- **SOURCE MATERIAL**
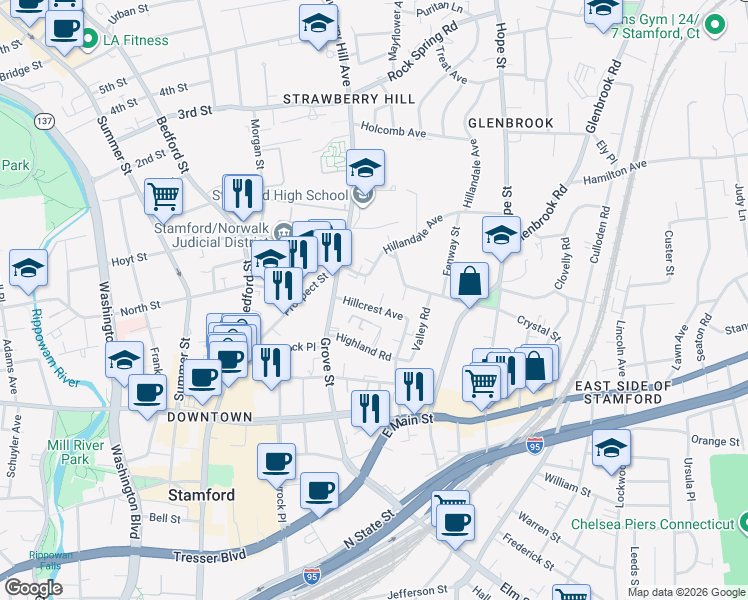 map of restaurants, bars, coffee shops, grocery stores, and more near 48 Hillcrest Avenue in Stamford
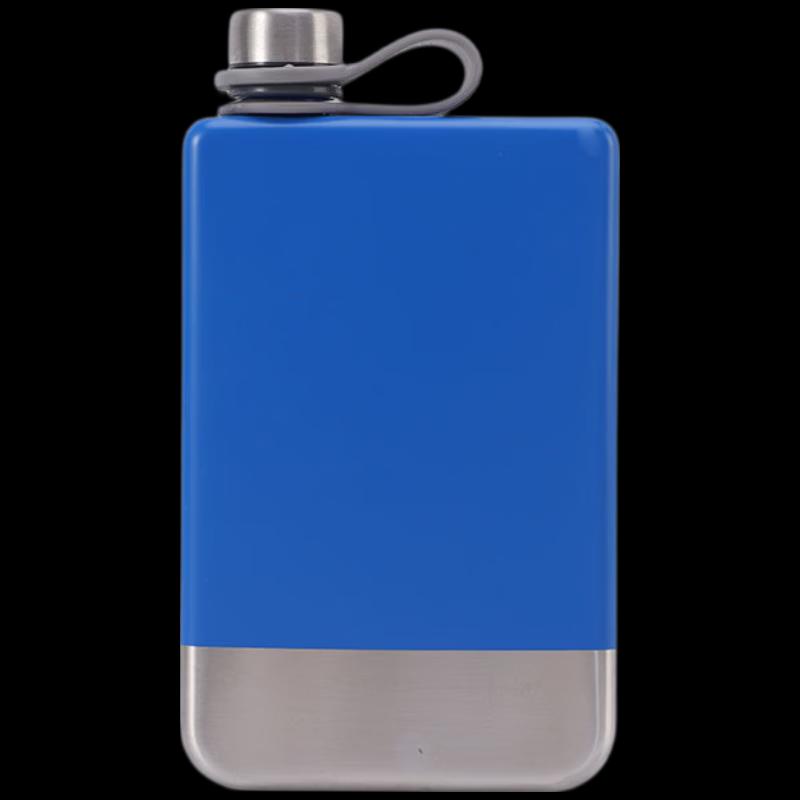 Portable 9oz Blue Stainless Steel Hip Flask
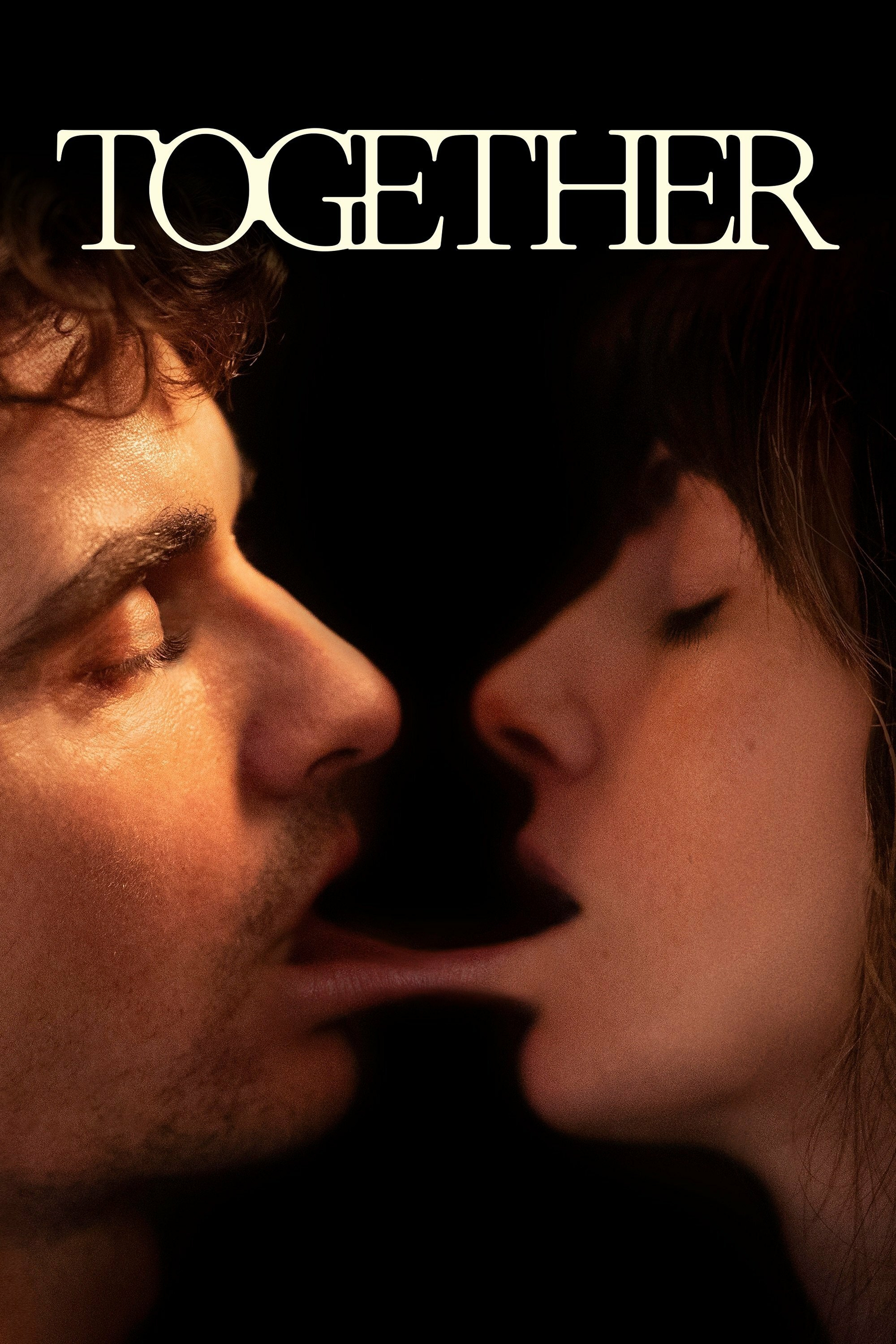 A movie poster with the word "TOGETHER" at the top. It features a close-up of two people facing each other, eyes closed, with their tongues gently touching. The background is black, highlighting their facial features.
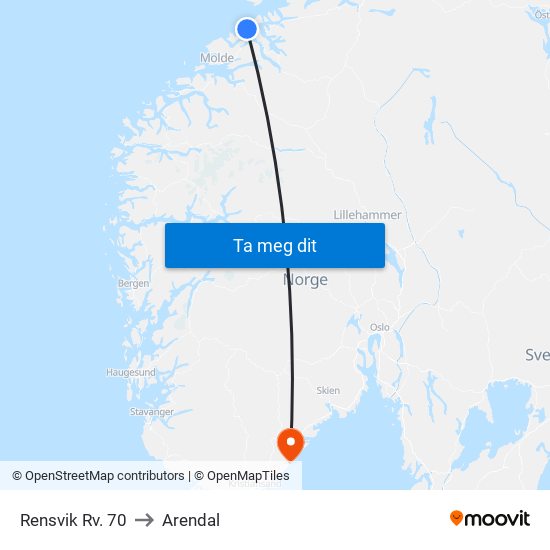 Rensvik Rv. 70 to Arendal map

- **GOAL OF THE EXERCISE**
In the data above, find the line containing "A movie poster"; from there, please write out each line through the end, exactly, with the pictures omitted.

- **RESPONSE TO THE TASK**
 A movie poster with the word "TOGETHER" at the top. It features a close-up of two people facing each other, eyes closed, with their tongues gently touching. The background is black, highlighting their facial features.
 Rensvik Rv. 70 to Arendal map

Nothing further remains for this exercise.